■ WHAT THE TASK ASKS
Repeat all of the material exactly, with no line missing.

☆ ☆ ☆

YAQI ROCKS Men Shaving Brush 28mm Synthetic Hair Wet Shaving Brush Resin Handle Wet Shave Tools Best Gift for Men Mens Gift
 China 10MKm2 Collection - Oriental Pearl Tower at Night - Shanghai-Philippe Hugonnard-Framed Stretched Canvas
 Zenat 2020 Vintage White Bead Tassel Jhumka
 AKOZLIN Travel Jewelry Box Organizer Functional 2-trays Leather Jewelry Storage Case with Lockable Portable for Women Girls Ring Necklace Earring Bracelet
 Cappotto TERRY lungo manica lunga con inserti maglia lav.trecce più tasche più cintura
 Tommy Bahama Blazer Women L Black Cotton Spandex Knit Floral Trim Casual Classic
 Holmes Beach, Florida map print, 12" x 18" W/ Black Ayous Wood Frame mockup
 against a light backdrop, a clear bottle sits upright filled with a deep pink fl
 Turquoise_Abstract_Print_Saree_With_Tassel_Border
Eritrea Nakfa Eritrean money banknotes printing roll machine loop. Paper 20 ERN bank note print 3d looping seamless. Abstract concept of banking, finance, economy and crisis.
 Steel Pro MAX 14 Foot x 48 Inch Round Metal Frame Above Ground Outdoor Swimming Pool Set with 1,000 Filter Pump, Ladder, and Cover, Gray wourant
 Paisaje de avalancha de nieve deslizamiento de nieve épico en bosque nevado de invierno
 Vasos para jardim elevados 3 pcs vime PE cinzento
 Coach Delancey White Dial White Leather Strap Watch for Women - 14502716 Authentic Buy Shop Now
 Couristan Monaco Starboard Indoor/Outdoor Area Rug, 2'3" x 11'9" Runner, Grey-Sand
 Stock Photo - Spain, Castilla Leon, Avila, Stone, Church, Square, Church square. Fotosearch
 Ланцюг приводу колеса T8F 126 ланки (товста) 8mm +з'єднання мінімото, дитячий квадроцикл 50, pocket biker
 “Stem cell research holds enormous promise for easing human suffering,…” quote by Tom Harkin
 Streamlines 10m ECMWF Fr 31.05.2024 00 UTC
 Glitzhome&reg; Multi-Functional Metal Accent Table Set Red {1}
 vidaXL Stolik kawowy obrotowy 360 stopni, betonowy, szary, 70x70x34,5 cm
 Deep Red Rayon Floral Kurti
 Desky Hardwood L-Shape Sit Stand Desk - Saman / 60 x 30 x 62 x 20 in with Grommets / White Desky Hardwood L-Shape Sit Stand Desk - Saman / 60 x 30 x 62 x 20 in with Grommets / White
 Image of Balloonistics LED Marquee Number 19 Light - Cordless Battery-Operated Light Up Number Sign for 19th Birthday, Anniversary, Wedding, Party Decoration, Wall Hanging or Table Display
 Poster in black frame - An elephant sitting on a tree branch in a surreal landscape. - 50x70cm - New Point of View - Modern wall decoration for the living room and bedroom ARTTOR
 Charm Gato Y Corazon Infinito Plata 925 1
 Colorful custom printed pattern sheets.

☆ ☆ ☆

■ RESULT OF THE TASK
YAQI ROCKS Men Shaving Brush 28mm Synthetic Hair Wet Shaving Brush Resin Handle Wet Shave Tools Best Gift for Men Mens Gift
 China 10MKm2 Collection - Oriental Pearl Tower at Night - Shanghai-Philippe Hugonnard-Framed Stretched Canvas
 Zenat 2020 Vintage White Bead Tassel Jhumka
 AKOZLIN Travel Jewelry Box Organizer Functional 2-trays Leather Jewelry Storage Case with Lockable Portable for Women Girls Ring Necklace Earring Bracelet
 Cappotto TERRY lungo manica lunga con inserti maglia lav.trecce più tasche più cintura
 Tommy Bahama Blazer Women L Black Cotton Spandex Knit Floral Trim Casual Classic
 Holmes Beach, Florida map print, 12" x 18" W/ Black Ayous Wood Frame mockup
 against a light backdrop, a clear bottle sits upright filled with a deep pink fl
 Turquoise_Abstract_Print_Saree_With_Tassel_Border
Eritrea Nakfa Eritrean money banknotes printing roll machine loop. Paper 20 ERN bank note print 3d looping seamless. Abstract concept of banking, finance, economy and crisis.
 Steel Pro MAX 14 Foot x 48 Inch Round Metal Frame Above Ground Outdoor Swimming Pool Set with 1,000 Filter Pump, Ladder, and Cover, Gray wourant
 Paisaje de avalancha de nieve deslizamiento de nieve épico en bosque nevado de invierno
 Vasos para jardim elevados 3 pcs vime PE cinzento
 Coach Delancey White Dial White Leather Strap Watch for Women - 14502716 Authentic Buy Shop Now
 Couristan Monaco Starboard Indoor/Outdoor Area Rug, 2'3" x 11'9" Runner, Grey-Sand
 Stock Photo - Spain, Castilla Leon, Avila, Stone, Church, Square, Church square. Fotosearch
 Ланцюг приводу колеса T8F 126 ланки (товста) 8mm +з'єднання мінімото, дитячий квадроцикл 50, pocket biker
 “Stem cell research holds enormous promise for easing human suffering,…” quote by Tom Harkin
 Streamlines 10m ECMWF Fr 31.05.2024 00 UTC
 Glitzhome&reg; Multi-Functional Metal Accent Table Set Red {1}
 vidaXL Stolik kawowy obrotowy 360 stopni, betonowy, szary, 70x70x34,5 cm
 Deep Red Rayon Floral Kurti
 Desky Hardwood L-Shape Sit Stand Desk - Saman / 60 x 30 x 62 x 20 in with Grommets / White Desky Hardwood L-Shape Sit Stand Desk - Saman / 60 x 30 x 62 x 20 in with Grommets / White
 Image of Balloonistics LED Marquee Number 19 Light - Cordless Battery-Operated Light Up Number Sign for 19th Birthday, Anniversary, Wedding, Party Decoration, Wall Hanging or Table Display
 Poster in black frame - An elephant sitting on a tree branch in a surreal landscape. - 50x70cm - New Point of View - Modern wall decoration for the living room and bedroom ARTTOR
 Charm Gato Y Corazon Infinito Plata 925 1
 Colorful custom printed pattern sheets.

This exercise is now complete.